Тут Михал Михалыч спохватился:
– Простите, Коля, заболтал я Вас. Я же о том, как чёрта видел, собирался...
Так вот. Когда я был молодым и поэтому на редкость глупым, довелось мне жениться. Сколько раз потом я делал этот ответственный шаг я говорить не буду : Вы всё – равно не поверите. Но это было потом. А тогда семейная жизнь мне была в новинку, и я наслаждался этой новизной, как только мог. В новинку мне был и неведомый ранее быт. Если я Вам, Коля, расскажу в какой нищете я вырос вы мне не поверите ещё раз. И вот я с удовольствием осваивал новые правила бытия. Оказалось, что открытую бутылку с водкой вовсе не обязательно допивать до конца. Оказалось, что носки меняют каждый день. И совсем ненужно ждать пока они проносятся до дыр. Много ещё чего оказалось...
Я по случаю женитьбы перешёл на заочное отделение своего института и получил в соседней школе десяток часов по русскому языку и литературе. Работа была скучная. Получал я копейки. Но натура у меня была неугомонная. Я познакомился с двумя художниками и мы организовали «фирму». Я ездил по мелким предприятиям и предлагал художественное оформление. Подписав договор и оговорив условия я отдавал заказ моим партнёрам. Потом оставалось отвезти готовую работу заказчику и поделить бабки.
И всё же свободного времени у меня оставалось больше, чем хотелось. И я начал запивать. Не мёртвым запоем. Нет. Я просто каждый день, приходя домой, прикладывался к бутылочке, которых в баре у тестя, на мой взгляд, было явно многовато. Тесть быстро догадался о моих походах в « святые места « и стал запирать бар на ключ. Но что такое для дворового мальчишки открыть замочек, имея руки и гвоздик? Пустяк. Правда, я начал осторожничать. Выпив рюмочку я вливал в бутылку точно такую же рюмочку воды.

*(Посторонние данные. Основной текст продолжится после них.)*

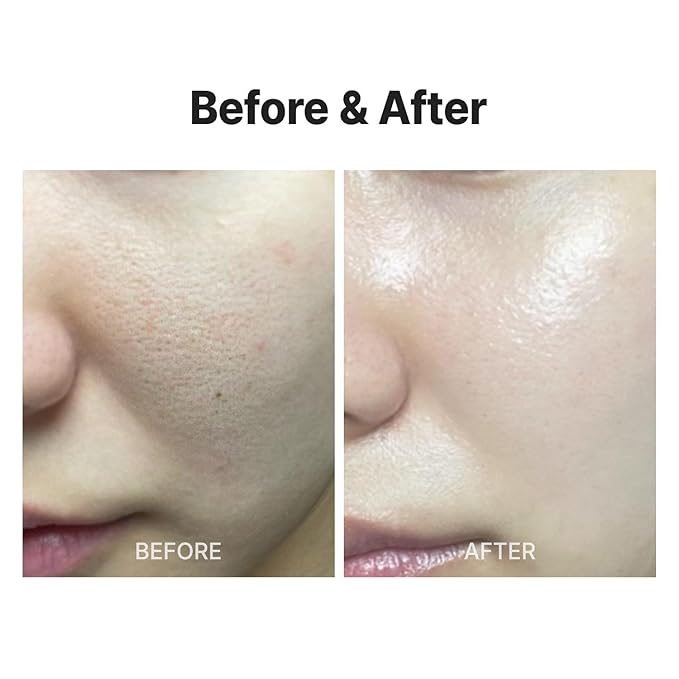 MEDITHERAPY Wrinkle fit Korean Mesh Sheet Masks (7EA), Collagen Mesh Sheet Mask for Glowing Skin, Daily Facial Mask, Hyaluronic acid Facial Mask, Korean Skincare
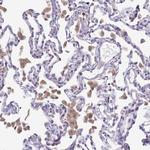 CD35 Antibody in Immunohistochemistry (Paraffin) (IHC (P))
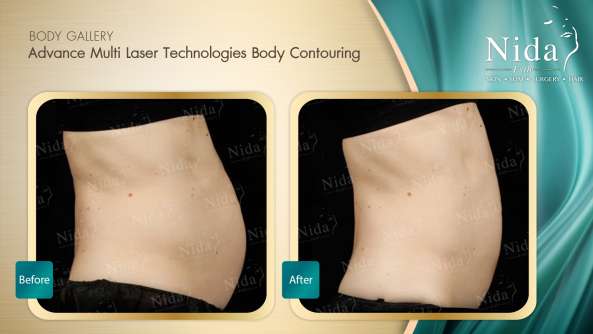 Body Contouring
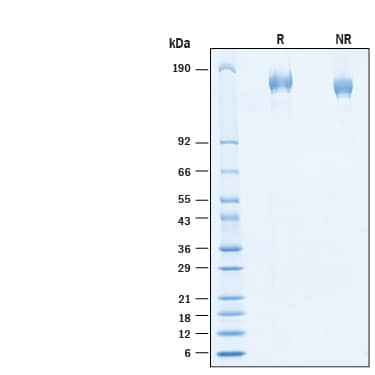 2 μg/lane of Recombinant SARS-CoV-2 R.1 S (GCN4-IZ) His-tag Protein (Catalog # 11026-CV) was resolved with SDS-PAGE under reducing (R) and non-reducing (NR) conditions and visualized by Coomassie® Blue staining, showing bands at 154-174 kDa.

И вот как раз в День Победы, когда мы собрались за праздничным столом. И я, холодея внутренне, глядел как тесть наливает водку как раз из той бутылки, где воды, по моим соображениям, было не менее половины.

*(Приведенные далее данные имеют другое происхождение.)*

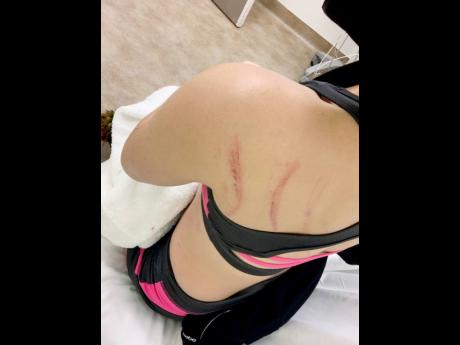 Samantha J showing the bruises on her back.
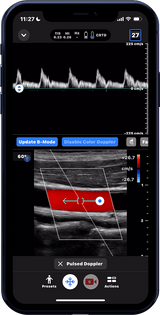 Butterfly iQ3™ Portable Ultrasound Device – 1 or 2 Probes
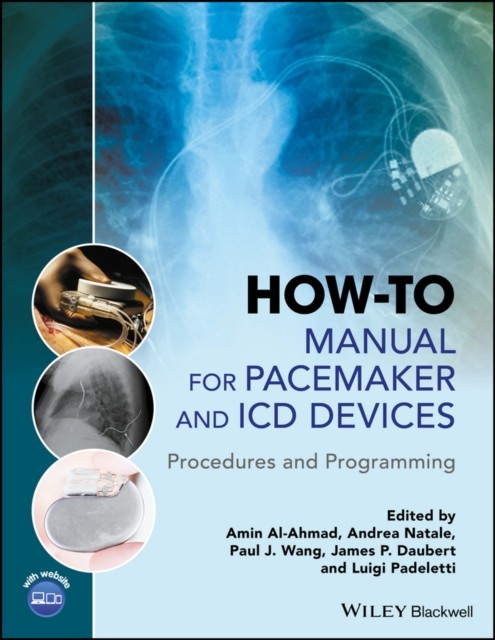 How-to Manual for Pacemaker and ICD Devices: Procedures and Programming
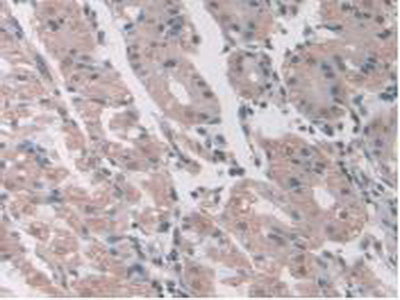 Aminoadipate Semialdehyde Synthase (AASS) Polyclonal Antibody - image 5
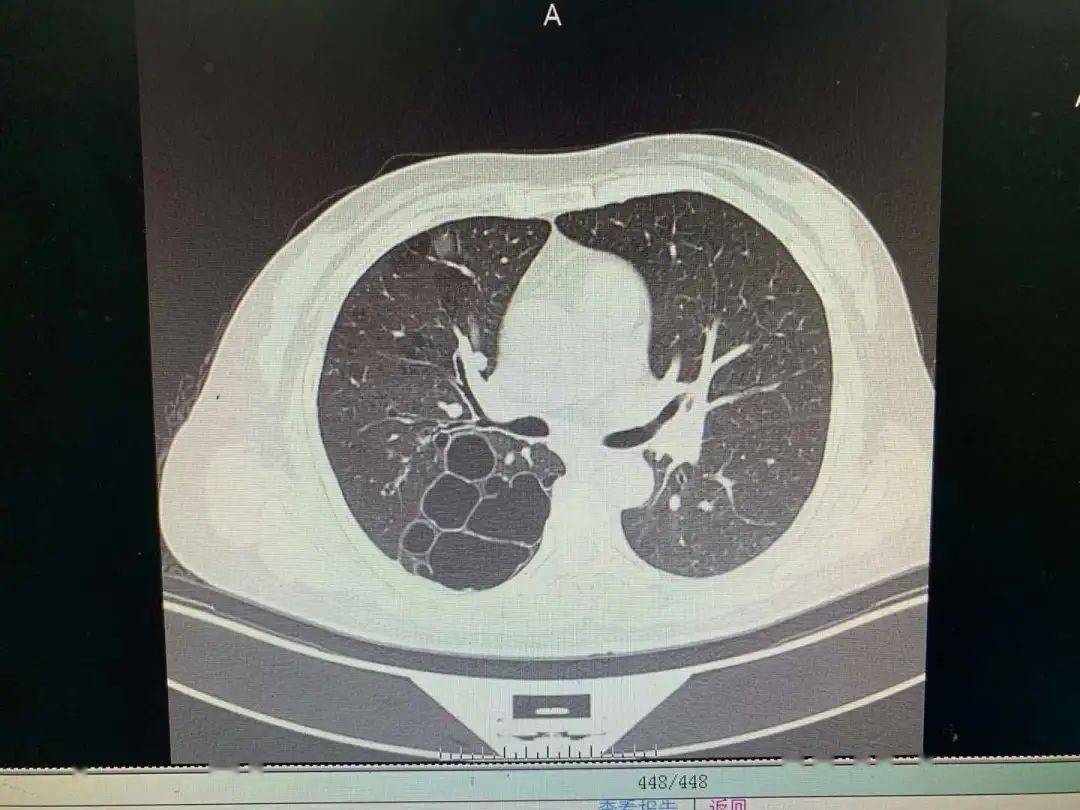 以中下叶为著,部分囊腔内可见气液平;双肺纹理增多,支气管分支管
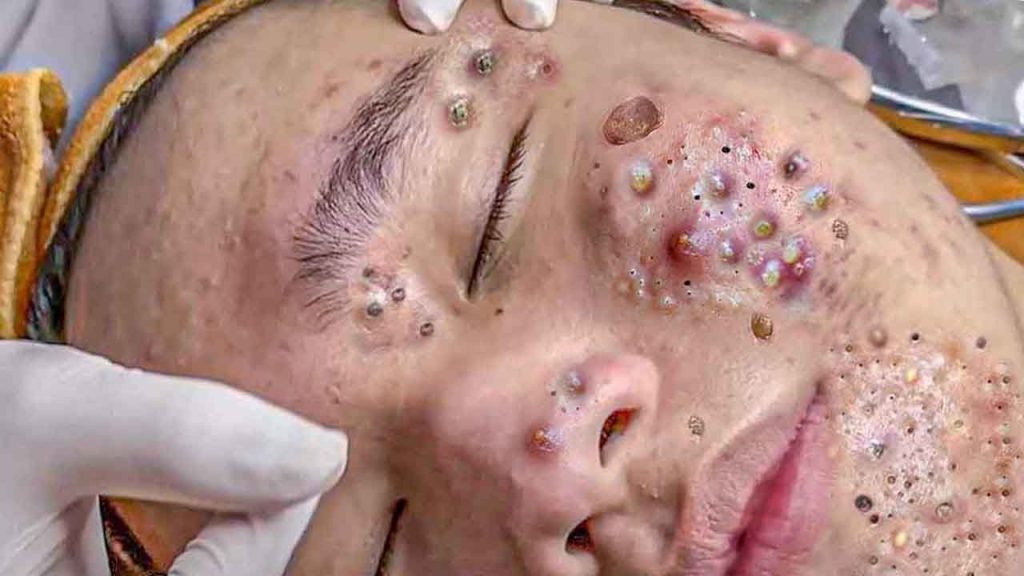 Acne scars treatment .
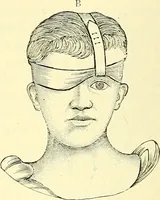 Picture 406 of 481 from Modern surgery, general and operative / by John Chalmers Da Costa. (1907), leaf 1110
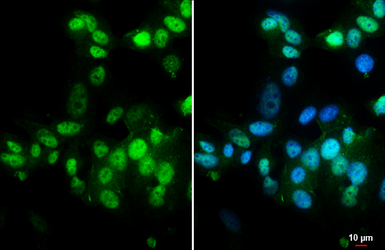 Anti-Estrogen Receptor alpha antibody [HL1081] used in Immunocytochemistry/ Immunofluorescence (ICC/IF). GTX636202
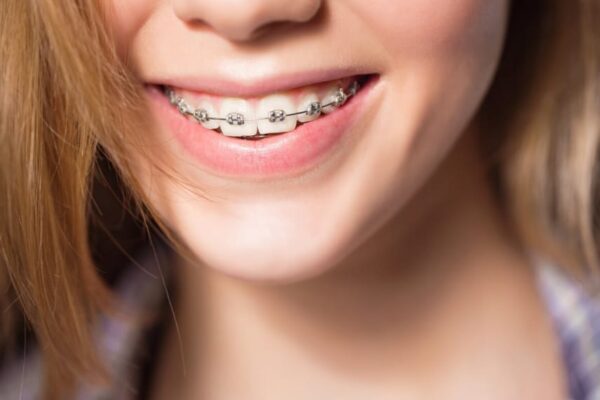 The Functional and Aesthetic Benefits of Adult Braces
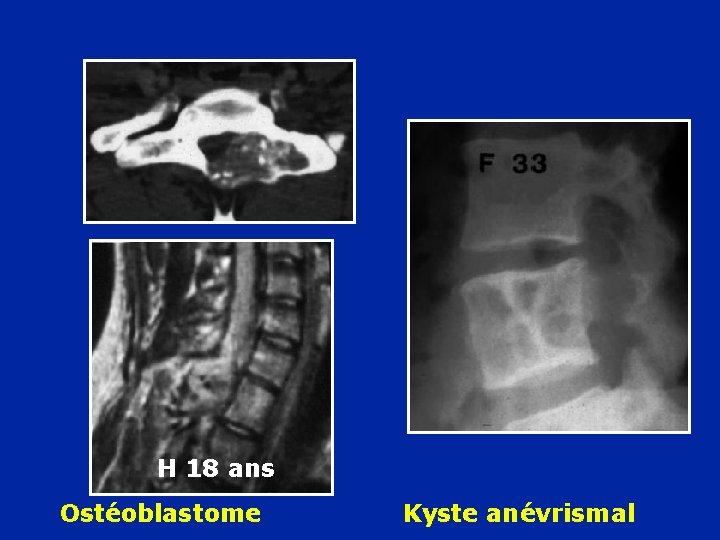 H 18 ans Ostéoblastome Kyste anévrismal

Но тут постучали в дверь. Не позвонили, а именно постучали. Я выпил свою рюмку и пошёл открывать. На лестничной клетке никого не было. Только у порога стояла небольшая коробочка крест накрест перевязанная шпагатом. Я поднял коробочку. На ней было написано: « Дмитрию Николаевичу в собственные руки». Я вернулся в комнату и передал посылку именно в собственные руки...
Тесть тут же за столом открыл коробочку. Там лежала картонная иконка Николая чудотворца с обгоревшими краями.

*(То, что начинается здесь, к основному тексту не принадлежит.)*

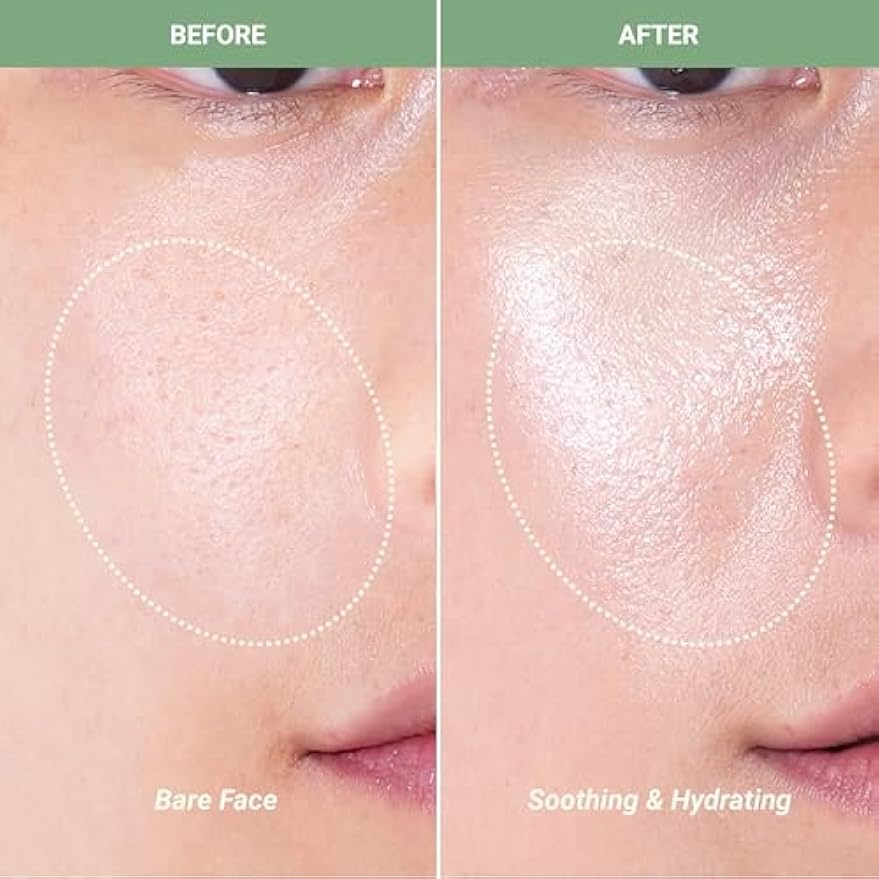 Meebak CICA Toner Spray | Korean Face Mist | Facial Spray with Centella Asiatica & Vitamin E | Soothing Face Toner for Sensitive, Oily, and Combination Skin | 4 fl oz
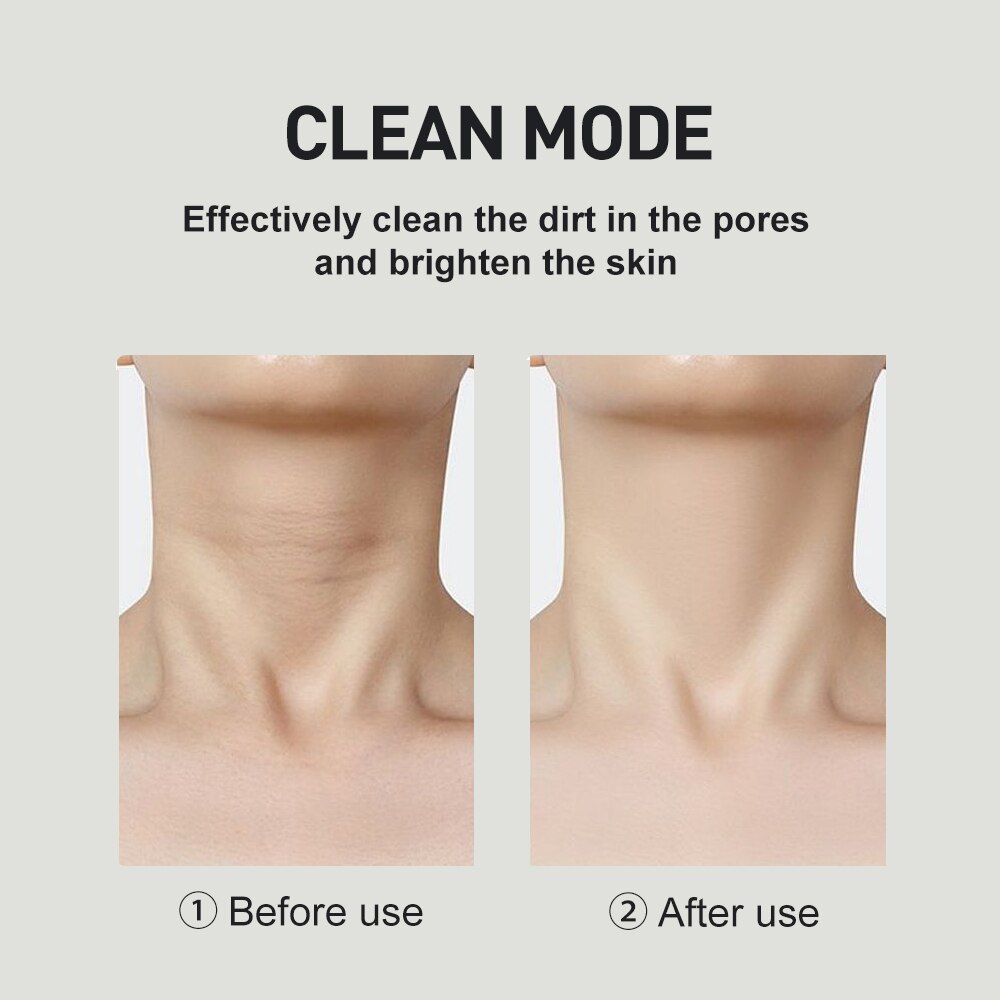 Terapia de fotones LED para cuello y herramienta para un levantamiento de rostro, vibración IPL, Reduce la piel, doble barbilla, dispositivo antiarrugas, 3 colores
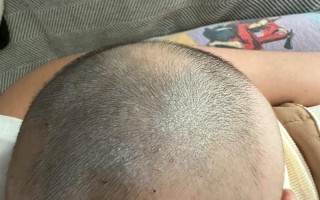 孕期吃什么真能让宝宝头发多又黑？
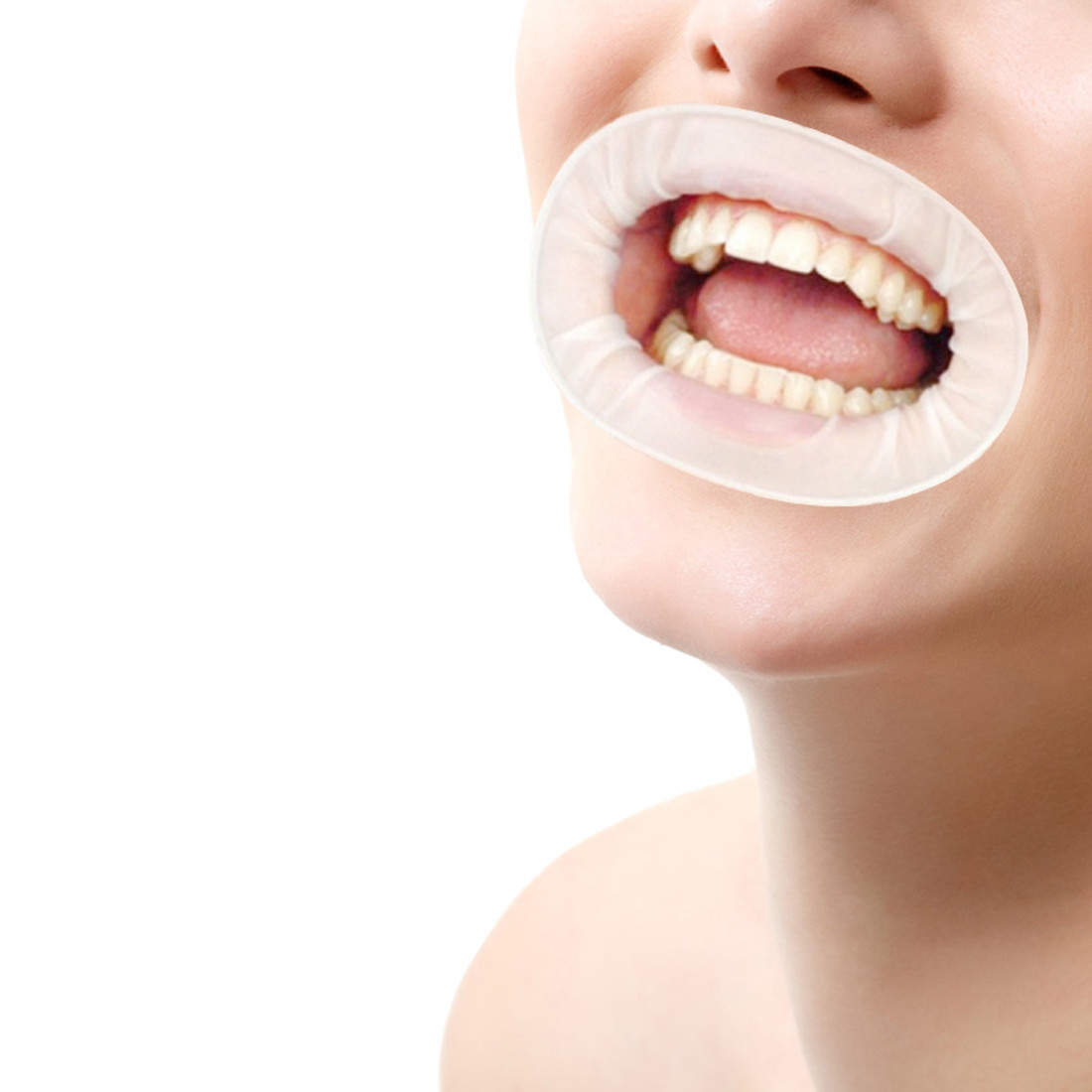 10Pcs Disposable Dental Mouth Opener Sterile Rubber Dam Cheek Retractor O Shape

– Митя! Что это? – вскинулась тёща.
Тесть помолчал, а потом процедил сквозь зубы:
– Я то думал, что он подох давно...
Тут мы с женой поднялись и пошли в свою комнату. А потом поехали в кино. А когда вернулись, в доме было всё прибрано и тихо.
Ночью я проснулся от непонятной тревоги. Поворочался. Тревога не исчезала. Тогда я вышел на балкон покурить. С балкона мне было видно освещённое окно в кухне. Я закурил и от нечего делать посмотрел в это окно. Там за столом сидел тесть и что-то писал. Как раз в тот самый момент, когда я посмотрел в окно, он выпил гранёный стакан водки и закурил. Потом снова начал писать. Он писал и плакал. А на столе лежала чёткая тень рогатой головы. Мне стало неловко. Как будто я подсматривал за женщинами в бане. Я вернулся в постель и к утру заснул.
На следующий день я встретил жену с электрички и спросил напрямую:
– Маринка! Что происходит, чёрт возьми? Вчера вышел покурить – смотрю, а Дмитрий Николаевич что-то пишет в кухне а на столе тень чёрта лежит.
– Всё нормально, Миша! Всё нормально. – Маринка говорила почему-то вполголоса. – У папы был младший брат. Иван. Когда началась война папа ушёл на фронт добровольцем. И его направили в лётное училище. А Иван ушёл к бандеровцам, а потом, говорят, попал не то в Англию, не то в Америку. Столько лет знать о себе не давал. И вот... Ты сам видел. Иконку прислал. Дескать это папа их родной дом разбомбил. Не мог папа этого сделать. Папа в Прибалтике воевал.
Ну, что ему оставалось? Папа и написал куда следует. Ты можешь представить, как он нервничал? Бутылку водки выпил – и ни в одном глазу. Сегодня повёз заявление.
Про разбавленную водку я, конечно, благоразумно промолчал.
– А тень от чёрта? – Думаю, что выглядел я дурак – дураком.
– Какой чёрт? засмеялась Маринка. – Это мама сидела. На ночь она волосы на бигуди крутит. Вот тень такая и получилась.
Когда мы пришли домой нас встретила довольная тёща и накрытый стол.
– Ну, что, папа? – спросила Маринка.
– Товарищи проявили понимание, – ответил тесть, улыбаясь. – Разрешили переписываться.
Господи! Как он был счастлив, этот человек! Как счастлив! Ещё бы. Ведь, ему разрешили то, что разрешают далеко не всем.
Мы сели за стол и выпили за Партию. Потом за Победу. Потом я не помню уже за что, потому что водка в этот раз была настоящая.
– А потом что, Михал Михалыч? – спросил я.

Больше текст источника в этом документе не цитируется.